# PROBLEM STATEMENT:
Every line below that contains the word "Photo" must be copied.

# RAW DATA:
=== Section Start ===
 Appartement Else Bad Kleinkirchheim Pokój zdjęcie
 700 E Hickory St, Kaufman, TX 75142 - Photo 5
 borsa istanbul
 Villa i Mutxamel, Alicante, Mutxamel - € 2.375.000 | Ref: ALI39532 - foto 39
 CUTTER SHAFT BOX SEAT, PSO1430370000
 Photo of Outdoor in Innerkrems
=== Section End ===
=== Section Start ===
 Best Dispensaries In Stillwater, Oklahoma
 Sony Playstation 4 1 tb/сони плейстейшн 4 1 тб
=== Section End ===
# SOLUTION TO THIS TASK:
 700 E Hickory St, Kaufman, TX 75142 - Photo 5
 Photo of Outdoor in Innerkrems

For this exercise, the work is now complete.